*TASK DETAILS:* If a line in the entries below contains "vaccine", copy it.

[Crawled caption data]
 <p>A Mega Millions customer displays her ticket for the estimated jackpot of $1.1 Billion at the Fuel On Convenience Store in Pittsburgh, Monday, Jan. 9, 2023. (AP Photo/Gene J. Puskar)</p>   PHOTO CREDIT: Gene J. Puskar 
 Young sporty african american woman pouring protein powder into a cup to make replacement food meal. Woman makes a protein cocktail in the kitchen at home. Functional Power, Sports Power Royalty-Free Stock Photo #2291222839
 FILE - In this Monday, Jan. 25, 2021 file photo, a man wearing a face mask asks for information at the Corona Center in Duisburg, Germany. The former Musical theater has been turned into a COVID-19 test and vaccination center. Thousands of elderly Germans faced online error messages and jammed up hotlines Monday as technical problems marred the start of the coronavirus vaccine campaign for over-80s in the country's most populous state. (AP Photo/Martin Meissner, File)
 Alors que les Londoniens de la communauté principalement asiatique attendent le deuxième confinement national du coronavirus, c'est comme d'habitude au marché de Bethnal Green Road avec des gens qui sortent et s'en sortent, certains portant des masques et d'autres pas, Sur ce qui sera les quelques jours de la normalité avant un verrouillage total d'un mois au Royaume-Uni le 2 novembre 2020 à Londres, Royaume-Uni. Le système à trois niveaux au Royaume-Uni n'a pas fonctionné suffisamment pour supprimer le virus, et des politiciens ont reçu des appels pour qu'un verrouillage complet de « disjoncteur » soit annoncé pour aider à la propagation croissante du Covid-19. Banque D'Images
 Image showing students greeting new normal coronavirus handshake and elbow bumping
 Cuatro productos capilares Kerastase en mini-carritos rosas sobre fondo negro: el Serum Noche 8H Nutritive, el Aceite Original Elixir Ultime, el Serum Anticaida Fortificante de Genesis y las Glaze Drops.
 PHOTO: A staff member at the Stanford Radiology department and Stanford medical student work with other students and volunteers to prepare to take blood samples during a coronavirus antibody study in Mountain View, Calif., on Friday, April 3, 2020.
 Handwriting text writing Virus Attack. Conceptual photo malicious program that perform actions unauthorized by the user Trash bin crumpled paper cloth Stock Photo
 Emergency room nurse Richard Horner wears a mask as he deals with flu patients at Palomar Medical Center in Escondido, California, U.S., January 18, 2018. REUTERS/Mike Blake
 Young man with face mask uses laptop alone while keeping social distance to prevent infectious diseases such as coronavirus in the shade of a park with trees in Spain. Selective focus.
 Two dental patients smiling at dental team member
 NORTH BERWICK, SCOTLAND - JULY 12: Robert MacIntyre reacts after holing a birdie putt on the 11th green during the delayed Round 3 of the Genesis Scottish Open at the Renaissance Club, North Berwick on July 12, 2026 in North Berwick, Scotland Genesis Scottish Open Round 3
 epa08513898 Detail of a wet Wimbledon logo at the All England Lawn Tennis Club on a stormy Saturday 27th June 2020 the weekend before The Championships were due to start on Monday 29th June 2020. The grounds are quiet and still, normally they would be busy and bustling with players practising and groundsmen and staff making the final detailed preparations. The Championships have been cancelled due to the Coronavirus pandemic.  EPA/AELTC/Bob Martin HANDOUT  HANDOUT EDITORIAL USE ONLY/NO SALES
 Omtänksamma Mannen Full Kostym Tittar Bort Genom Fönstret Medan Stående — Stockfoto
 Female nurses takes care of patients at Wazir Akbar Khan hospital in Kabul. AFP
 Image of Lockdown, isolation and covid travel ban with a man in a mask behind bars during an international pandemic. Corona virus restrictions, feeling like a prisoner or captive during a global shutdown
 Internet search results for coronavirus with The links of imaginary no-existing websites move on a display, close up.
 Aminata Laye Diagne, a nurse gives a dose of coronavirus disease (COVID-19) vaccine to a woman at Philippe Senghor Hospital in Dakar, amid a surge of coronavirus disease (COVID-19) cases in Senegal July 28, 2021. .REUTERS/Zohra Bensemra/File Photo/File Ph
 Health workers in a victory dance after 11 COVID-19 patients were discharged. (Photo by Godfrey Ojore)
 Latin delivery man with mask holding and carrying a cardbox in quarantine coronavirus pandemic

*ANSWER TO THIS PROBLEM:*
 FILE - In this Monday, Jan. 25, 2021 file photo, a man wearing a face mask asks for information at the Corona Center in Duisburg, Germany. The former Musical theater has been turned into a COVID-19 test and vaccination center. Thousands of elderly Germans faced online error messages and jammed up hotlines Monday as technical problems marred the start of the coronavirus vaccine campaign for over-80s in the country's most populous state. (AP Photo/Martin Meissner, File)
 Aminata Laye Diagne, a nurse gives a dose of coronavirus disease (COVID-19) vaccine to a woman at Philippe Senghor Hospital in Dakar, amid a surge of coronavirus disease (COVID-19) cases in Senegal July 28, 2021. .REUTERS/Zohra Bensemra/File Photo/File Ph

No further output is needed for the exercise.